Brutte notizie per l’editoria italiana: vendite in calo nel 2025

Brutte notizie per l’editoria italiana: nei primi nove mesi del 2025, il mercato ha perso il 2% in termini di valore e il 2,7% di copie. In pratica, stando ai dati diffusi dall’Aie ed elaborati da NielsenIQ BookData Panel Market Libri Italia, gli italiani continuano a comprare sempre meno libri almeno per quanto afferisce il comparto trade ossia quello legato a narrativa e saggistica. Il calo delle vendite coinvolgerebbe tutti i canali, dalle librerie fisiche fino alla grande distribuzione passando per l’online.

Complessivamente, dunque, l’editoria italiana scende, in termini di valore, a 995,3 milioni di euro a fronte di 68 milioni di libri venduti. “Ci presentiamo a Francoforte con un mercato ancora in frenata – ha spiegato il presidente di Aie Innocenzo Cipolletta -. Il mercato sconta a ora la mancanza delle misure di sostegno, in particolare il calo degli acquisti con le Carte per i neo-diciottenni e i ritardi attuativi dei finanziamenti per le biblioteche. Confidiamo però che continui il parziale recupero iniziato a luglio e che i primi effetti del provvedimento per le biblioteche e della Carta della Cultura per i nuclei familiari con un Isee inferiore ai 15mila euro si possano vedere già a fine anno”. Misure da cui, con ogni evidenza, gli editori si aspettano un cambio di passo apprezzabile fin da subito.

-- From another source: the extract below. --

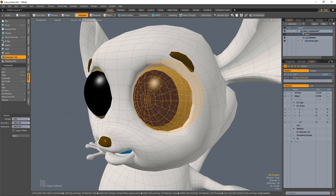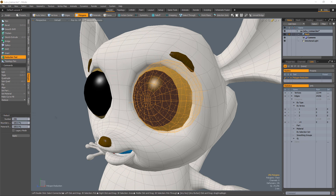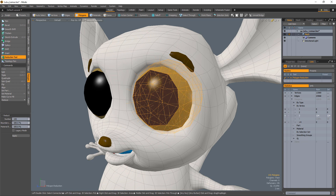Clicking in the viewport with the tool active will display the total number of selected polygons in the active mesh layer. When you click and drag in the viewport, the tool adjusts the poly count in the mesh.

L’Aie sarà alla Buchmesse di Francoforte, in programma dal 15 al 19 ottobre, e inaugurerà parlato proprio dei dati delle vendite dell’editoria italiana lo stand collettivo organizzato dall’Ice. Il taglio del nastro è previsto per la mattinata del 15 ottobre, alle 10,30, alla presenza del ministro alla Cultura Alessandro Giuli. Alle 11,30 è previsto il dibattito degli editori per fare il punto della situazione e comprendere le ragioni del calo di vendita trovando altresì nuove strategie per puntare al rilancio e al consolidamento del comparto sempre più centrale e strategico per l’economia italiana.